● **What you need to do**:
Without the images, repeat every line of the listing verbatim.

● **Exercise data**:
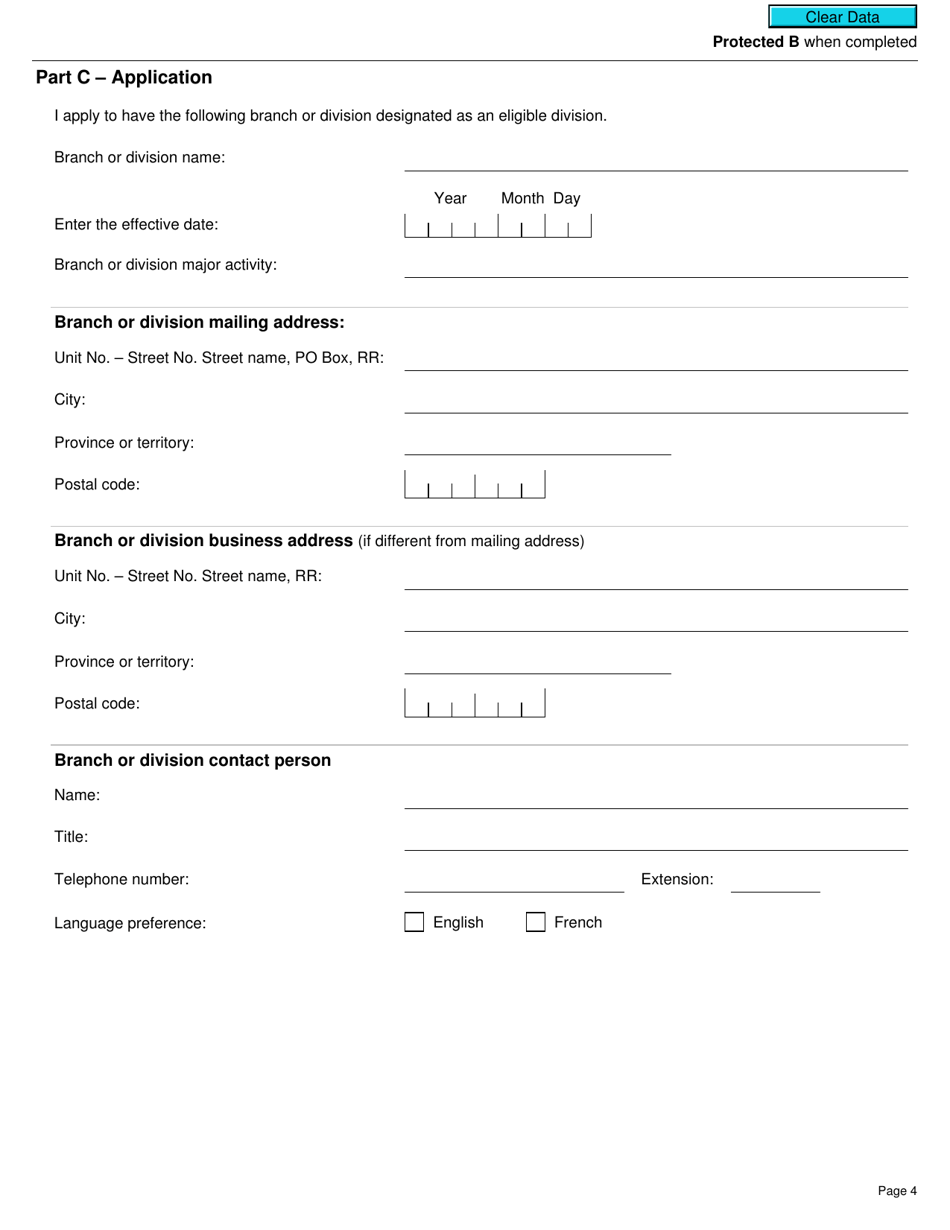 Form GST31 Application by a Public Service Body to Have Branches or Divisions Designated as Eligible Small Supplier Divisions - Canada, Page 4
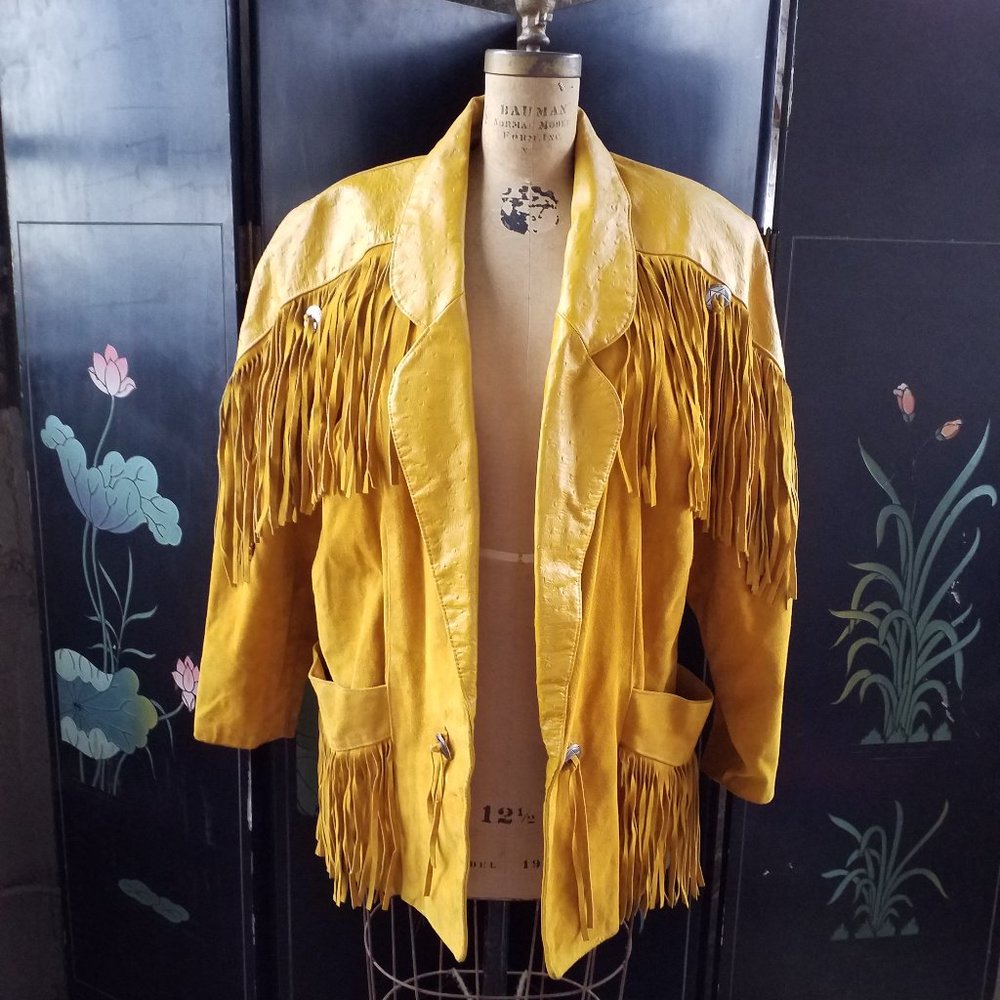 VINTAGE 1980s Mustard Yellow Leather Suede Fringe Oversized Jacket, Size Large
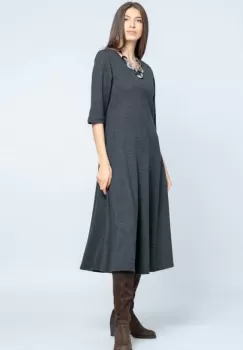 Rochie cambrata din lana, gri inchis imagine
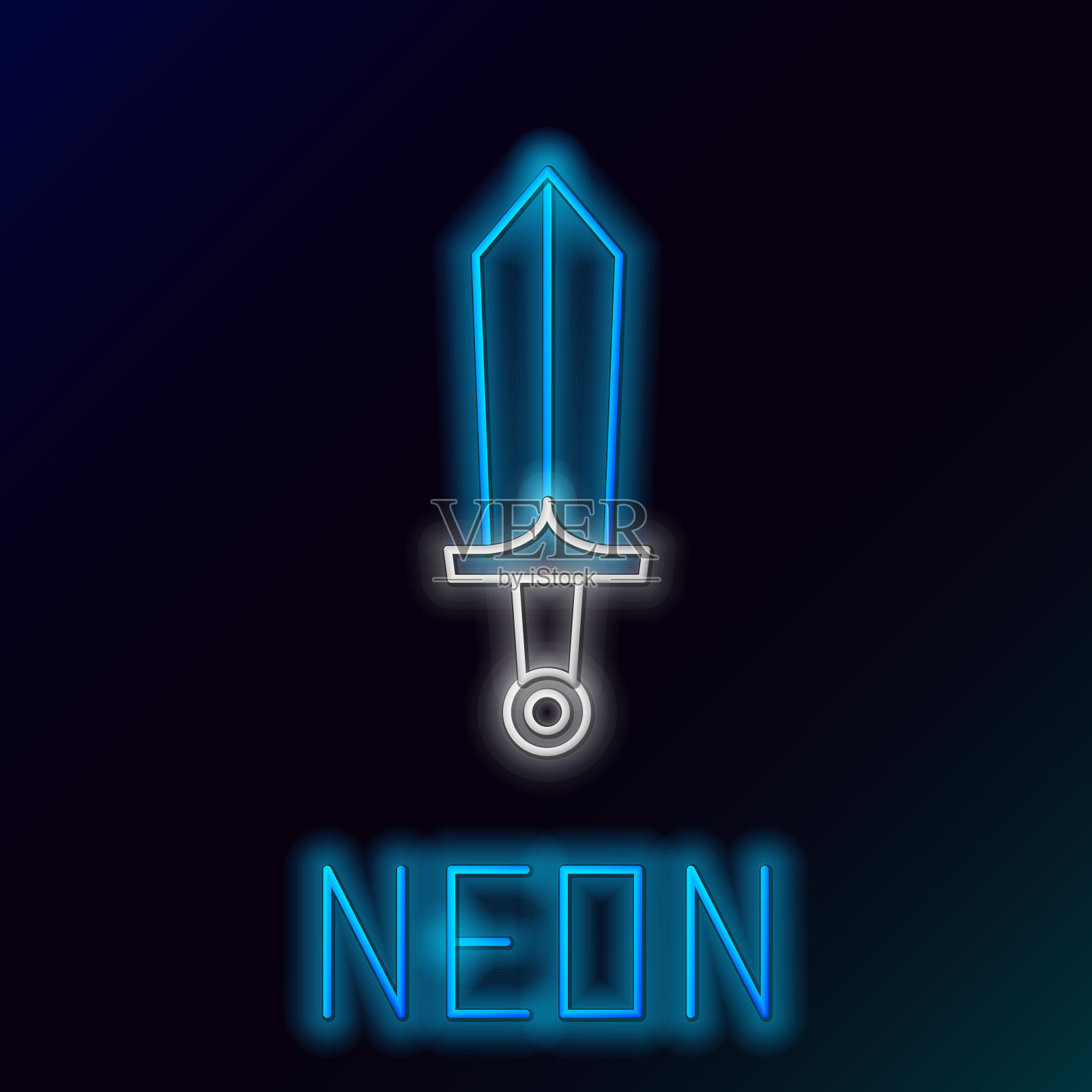 发光的霓虹线剑为游戏图标隔离上插画图片素材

● **Written answer**:
 Form GST31 Application by a Public Service Body to Have Branches or Divisions Designated as Eligible Small Supplier Divisions - Canada, Page 4
 VINTAGE 1980s Mustard Yellow Leather Suede Fringe Oversized Jacket, Size Large
 Rochie cambrata din lana, gri inchis imagine
 发光的霓虹线剑为游戏图标隔离上插画图片素材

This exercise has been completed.